An example of this is restructuring a file (eg, compacting a database file). You read it in, process it, write it to a temp file, and rename it to overwrite the original. While you’re reading the original and writing to a temp file, you don’t care about other readers. But after you’re done reading, you do want to adjust all the metadata so that subsequent readers are pointed at the right file handle / mmap’d buffer / whatever, and also to ensure that no writers bash the file between your reads and your writes.

Unfortunately, POSIX locks don’t support this. Java, which probably has the best shared-memory concurrency runtime available, explicitly forbids it. If you happen to be using Go, which has only the most basic POSIX-y concurrency constructs, how do you do it without holding a write lock the entire time?

The key insight is that the caller doesn’t actually need to ensure that it “upgrades the lock”, per se. It just needs to ensure that its code is run immediately the next time the write lock is acquired. It turns out this is not too difficult in a language that supports passing around functions:

import (
	"fmt"
	"runtime"
	"sync"
)

type UpgradableLock struct {
	uglMutex sync.RWMutex
	upgrades chan func()
}

func NewUpgradableLock() *UpgradableLock {
	return &UpgradableLock{sync.RWMutex{}, make(chan func(), 1)}
}

func (ugl *UpgradableLock) Lock() {
	ugl.uglMutex.Lock()
	select {
	case v, _ := <-ugl.upgrades:
		v()
	default:
	}
}

func (ugl *UpgradableLock) MaybeUpgrade(f func()) bool {
	select {
	case ugl.upgrades <- f:
		go func() {
			ugl.Lock()
			ugl.Unlock()
		}()
		return true
	default:
		return false
	}
}

// RLock, RUnlock, and Unlock just call the corresponding method on the underlying RWMutex.

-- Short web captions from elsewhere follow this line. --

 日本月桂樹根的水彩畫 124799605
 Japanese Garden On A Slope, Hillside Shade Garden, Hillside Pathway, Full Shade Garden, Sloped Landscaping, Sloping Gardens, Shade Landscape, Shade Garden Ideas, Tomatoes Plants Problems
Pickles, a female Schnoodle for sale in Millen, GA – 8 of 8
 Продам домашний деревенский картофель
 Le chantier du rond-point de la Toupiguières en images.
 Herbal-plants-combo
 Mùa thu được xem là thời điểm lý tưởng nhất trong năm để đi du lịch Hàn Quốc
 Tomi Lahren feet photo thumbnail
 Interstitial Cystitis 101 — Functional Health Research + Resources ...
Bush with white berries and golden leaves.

The full example lives here. When we try to upgrade, we attempt to place the function with our write-lock-requiring code in a channel, that is always selected from when the lock is acquired. In case there are no writers trying to acquire that lock (and hence run our code), we fire off one with no additional side effects. In order to ensure we’re handing off to the particular write operation we’re placing on the channel, we set the capacity of the channel to 1. If we can’t place that function (ie, there is already another writer scheduled), the upgrade fails.

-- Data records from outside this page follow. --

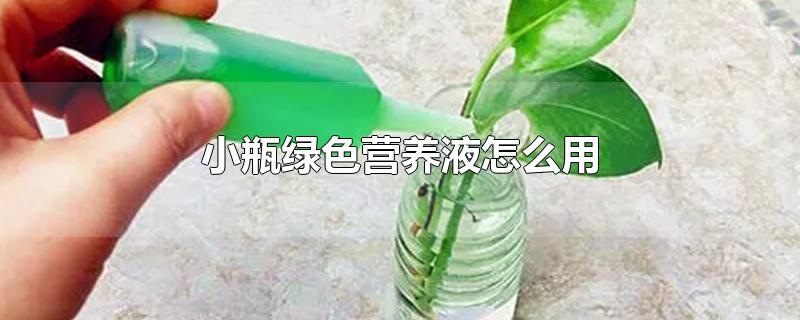 小瓶绿色营养液怎么用-最新小瓶绿色营养液怎么用整理解答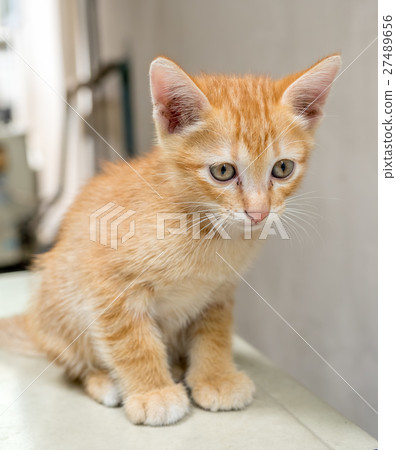 Cute brown kitten sit on outdoor backyard Cute brown kitten sit on outdoor backyard 27489656
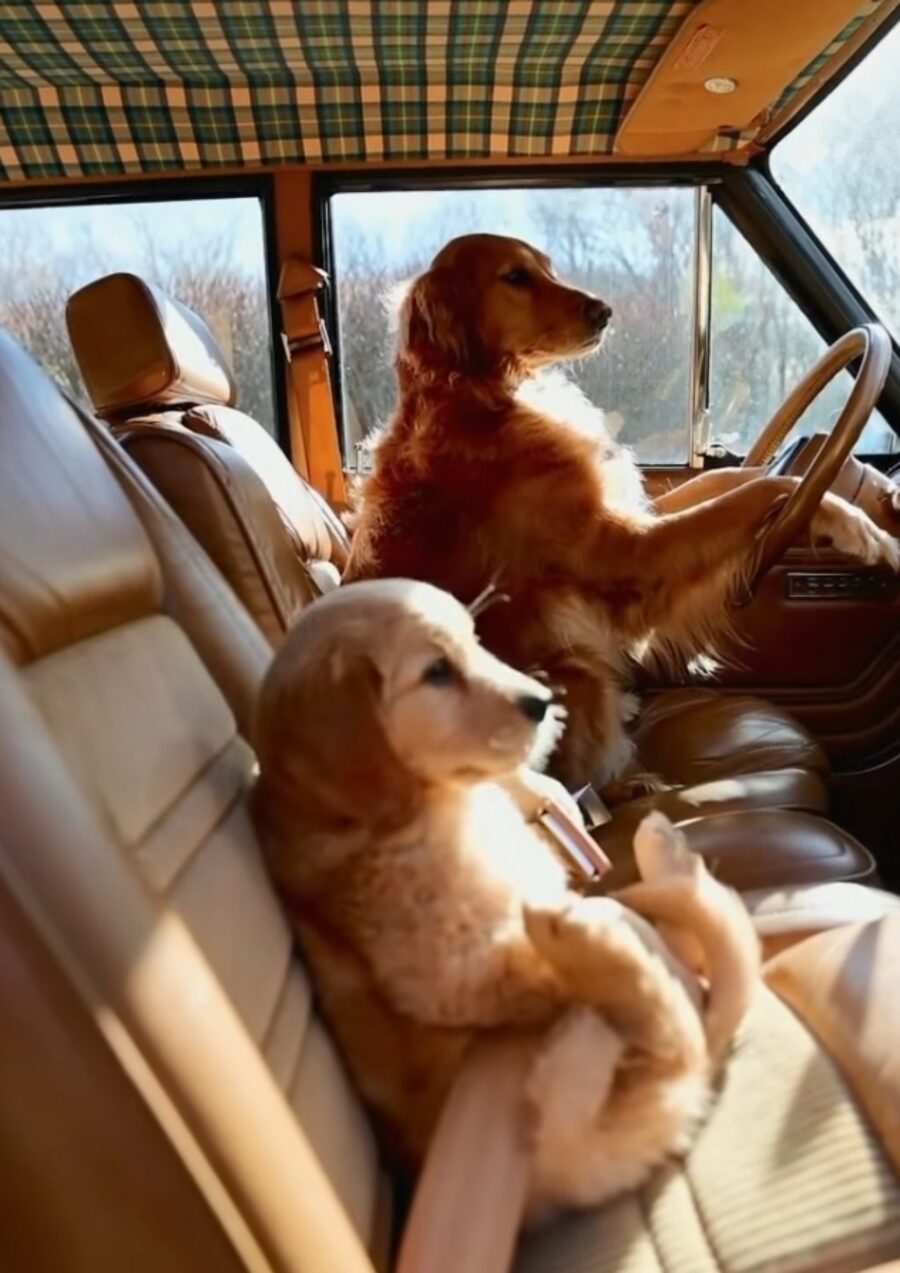 cani fanno viaggio in macchina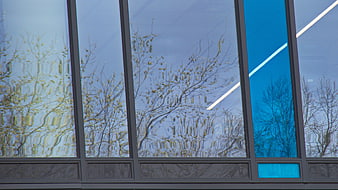 Modern glass building facade with tree reflections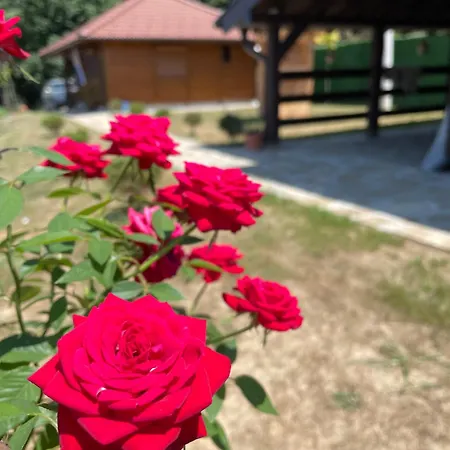 Etno Selo Rasinski Lug 公寓 Ravni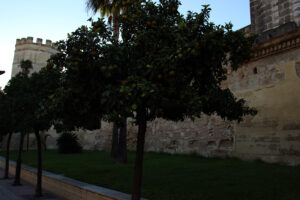 el Alcazar y su Torre Octogonal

There are two important limitations to this approach:

  • It doesn’t support arbitrary upgrade-downgrade cycling. This is less than ideal if for instance we wanted to split our write operation into two parts, separated by a read. Currently it is a one-way street.
  • The upgrade is not guaranteed to succeed. This makes sense - if you have multiple readers wanting to upgrade, only one of them can be next. What is guaranteed is that if we have multiple upgraders, at least one succeeds. The rest can continue spinning in the interim, attempting to stay low-impact with time.Sleep() or runtime.Gosched() calls on each cycle until they all complete.

What’s nice in addition is that this approach works on any platform with some sort of passable function / callable construct, read/write locks, and a threadsafe queue (in fact, the queue here isn’t much of a queue - you could replace it with an atomic reference or a plain mutex and a pointer).